What the task asks :: Within the records below, find the line with "鳳梨 熱帶 葉子 蓬萊蕉 背景 龜背葉 pineapple background パイナップル 鳳梨" and the line with "Celtic linked with", then reproduce exactly those two lines and all lines between them, without any picture.

Given records ::
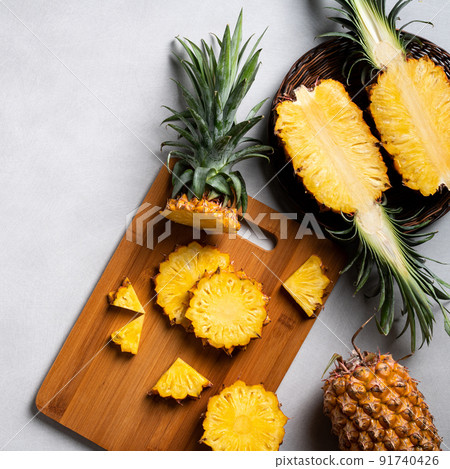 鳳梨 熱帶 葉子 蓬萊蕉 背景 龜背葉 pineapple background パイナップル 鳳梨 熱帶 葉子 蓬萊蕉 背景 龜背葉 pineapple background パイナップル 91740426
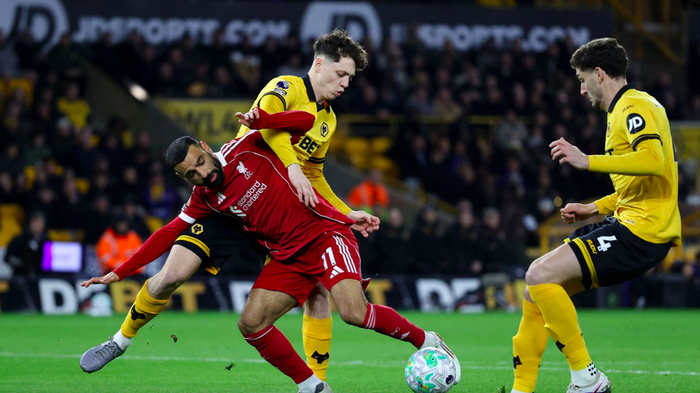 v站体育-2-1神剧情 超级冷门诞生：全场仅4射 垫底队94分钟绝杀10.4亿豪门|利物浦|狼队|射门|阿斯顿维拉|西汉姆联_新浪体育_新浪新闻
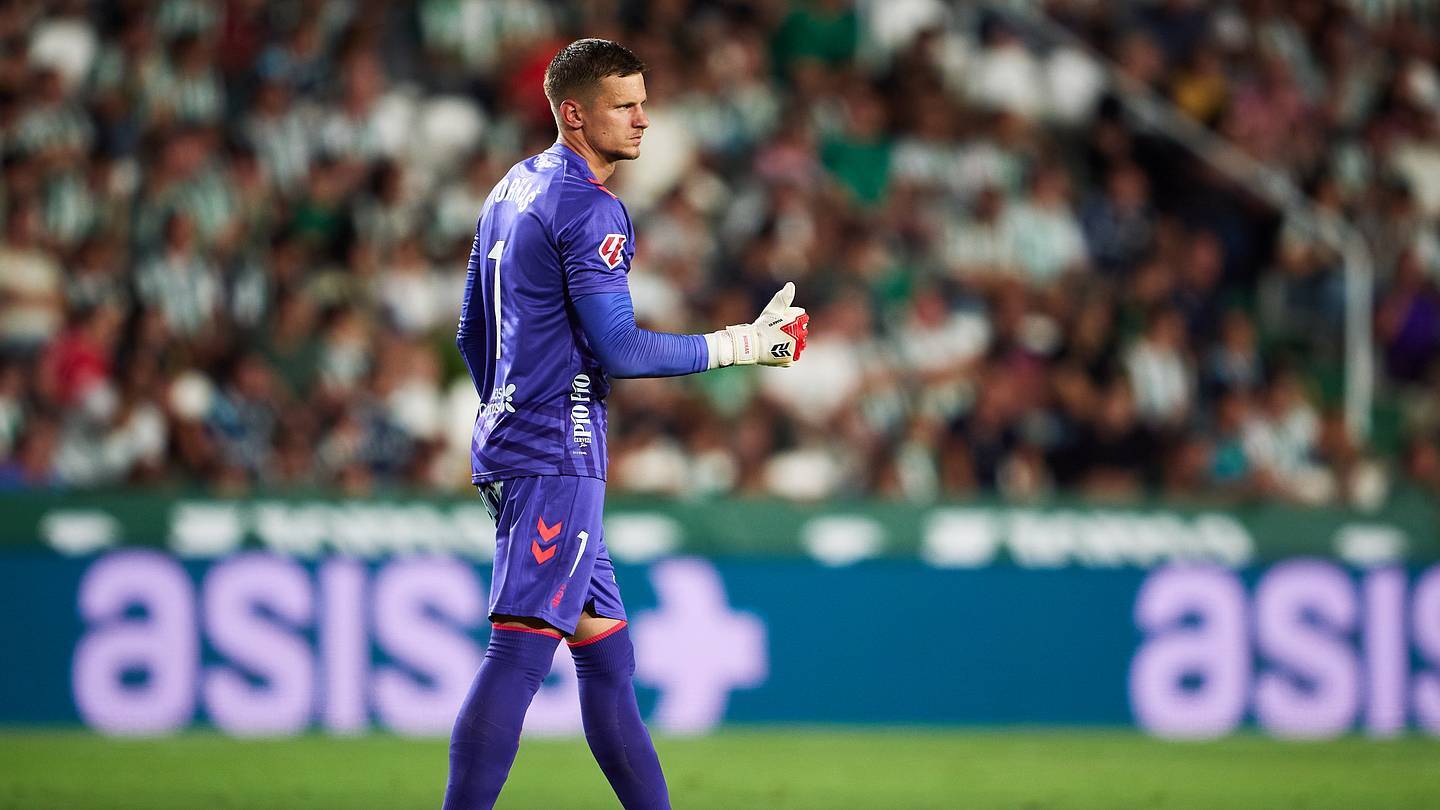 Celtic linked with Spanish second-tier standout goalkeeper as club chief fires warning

* * *

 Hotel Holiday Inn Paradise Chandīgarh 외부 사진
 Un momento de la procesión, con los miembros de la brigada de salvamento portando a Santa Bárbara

Result for this task ::
 鳳梨 熱帶 葉子 蓬萊蕉 背景 龜背葉 pineapple background パイナップル 鳳梨 熱帶 葉子 蓬萊蕉 背景 龜背葉 pineapple background パイナップル 91740426
 v站体育-2-1神剧情 超级冷门诞生：全场仅4射 垫底队94分钟绝杀10.4亿豪门|利物浦|狼队|射门|阿斯顿维拉|西汉姆联_新浪体育_新浪新闻
 Celtic linked with Spanish second-tier standout goalkeeper as club chief fires warning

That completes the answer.